Now, some have said to me, as long as the end result is a kinder, gentler society where everyone gets along, what’s the harm if they’re fuzzy on the details of how they got there? Why kick up a fuss about it and risk giving offense? I respond: because truth matters for its own sake. Because it’s not innocently mistaken to sweep aside the unseemly parts of Christianity or the significance of the religious/secular divide, it’s flat-out dishonest. Because this isn’t even an irresolvable argument about the finer points of metaphysics; this is a simple case of what did and didn’t happen in history, simple enough to be explained in grade-school textbooks. Because good-natured geniality predicated on mistakes and falsehoods is not as stable or enduring as I would like it to be.
Theologians and garden-variety apologists for religion frequently resort to the cuttlefish defense against the criticisms of atheists; i.e., spilling an tremendous amount of ink in the hope that their attackers will get lost in the impenetrable abstractions and convoluted knots of logic.
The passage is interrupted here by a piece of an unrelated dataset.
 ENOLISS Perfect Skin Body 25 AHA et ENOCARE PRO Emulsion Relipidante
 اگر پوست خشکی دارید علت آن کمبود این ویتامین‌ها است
But unfortunately for them, the basic principles of Christianity have been boiled down to their simplest form for the sake of reaching across language barriers and converting heathens the world over, and it’s pretty clear what it means to be a Christian: All humans carry original sin. God sacrificed his only son to offer you a way to escape this burden. Accept this offering, proclaim Jesus as your savior, and profess your belief in the reality of his death, resurrection and eventual return. If you refuse, there will be the most severe consequences imaginable.
See, there’s no wiggle room there. This is the essence of Christianity, the very thing that gives it an identity, that makes it not-Islam, not-Judaism, not Hinduism, etc. Jesus’s death and resurrection were historical events that only happened once. There is no other path to free yourself from the wages of sin, and only false prophets will tell you otherwise. You cannot change these core elements without doing violence to the story. There is no honest way to square such a provincial, dogmatic worldview with the broad-minded Enlightenment inheritance we’re so fond of.
Thus when I hear professed Christians like Mary Elizabeth Williams talk about respecting the equal validity of other faiths like it’s a self-evident truth, along with touchy-feely postmodern glurge about everyone’s personal truth being different and yet still true, I think, well, you don’t appreciate what a chasm Jefferson opened up in the intellectual landscape. You’re trying to have it both ways without understanding what either of them really mean. You can’t legitimately call yourself a Christian if you don’t accept the very basic rules of membership. If you find them distasteful, if you have to remove or reimagine the core aspects to make them palatable, then have the fucking integrity to admit you’ve outgrown your religion, and put it away along with all other childish things. Quit dressing up the old bones in new clothes and give them a decent burial.
I respect Christianity as a worthy opponent in the Nietzschean sense and so make the effort to take it seriously even if it means the impossibility of reconciliation; it stuns me to see the insouciance with which its supposed adherents treat it.